Le comte de Carlisle au contraire, ambassadeur de Charles II, en 1663, auprès du czar Alexis, se plaint, dans sa relation, de n’avoir trouvé ni aucune commodité de la vie dans Moscou, ni hôtellerie dans la route, ni secours d’aucune espèce. L’un jugeait comme un Allemand du Nord, l’autre comme un Anglais ; et tous deux par comparaison. L’Anglais fut révolté de voir que la plupart des boïards avaient pour lit des planches ou des bancs sur lesquels on étendait une peau ou une couverture ; c’est l’usage antique de tous les peuples : les maisons, presque toutes de bois, étaient sans meubles : presque toutes les tables à manger sans linge ; point de pavé dans les rues, rien d’agréable et de commode : très-peu d’artisans, encore étaient-ils grossiers, et ne travaillaient qu’aux ouvrages indispensables. Ces peuples auraient paru des Spartiates s’ils avaient été sobres.
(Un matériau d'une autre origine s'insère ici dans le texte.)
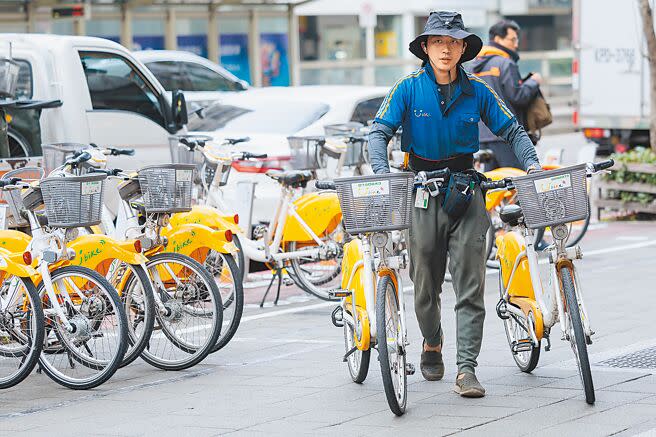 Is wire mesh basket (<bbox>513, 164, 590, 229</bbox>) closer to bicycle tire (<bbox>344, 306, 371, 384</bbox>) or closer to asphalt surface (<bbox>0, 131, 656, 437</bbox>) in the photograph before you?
asphalt surface (<bbox>0, 131, 656, 437</bbox>)

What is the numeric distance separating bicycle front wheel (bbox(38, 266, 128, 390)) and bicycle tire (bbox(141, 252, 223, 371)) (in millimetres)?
508

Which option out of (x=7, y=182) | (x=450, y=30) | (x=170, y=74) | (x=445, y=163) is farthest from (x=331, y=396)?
(x=170, y=74)

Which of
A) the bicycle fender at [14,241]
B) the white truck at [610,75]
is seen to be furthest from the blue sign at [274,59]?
the bicycle fender at [14,241]

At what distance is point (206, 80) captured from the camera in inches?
789

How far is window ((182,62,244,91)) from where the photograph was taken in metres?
19.9

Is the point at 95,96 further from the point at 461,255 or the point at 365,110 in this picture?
the point at 461,255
Mais la cour, dans les jours de cérémonie, paraissait celle d’un roi de Perse. Le comte de Carlisle dit qu’il ne vit qu’or et pierreries sur les robes du czar et de ses courtisans : ces habits n’étaient pas fabriqués dans le pays ; cependant il était évident qu’on pouvait rendre les peuples industrieux, puisqu’on avait fondu à Moscou, longtemps auparavant, sous le règne du czar Boris Godonou, la plus grosse cloche qui soit en Europe, et qu’on voyait dans l’église patriarcale des ornements d’argent qui avaient exigé beaucoup de soins. Ces ouvrages, dirigés par des Allemands et des Italiens, étaient des efforts passagers ; c’est l’industrie de tous les jours, et la multitude des arts continuellement exercés qui fait une nation florissante. La Pologne alors, et tous les pays voisins des Russes, ne leur étaient pas supérieurs. Les arts de la main n’étaient pas plus perfectionnés dans le nord de l’Allemagne ; les beaux-arts n’y étaient guère plus connus au milieu du xviie siècle.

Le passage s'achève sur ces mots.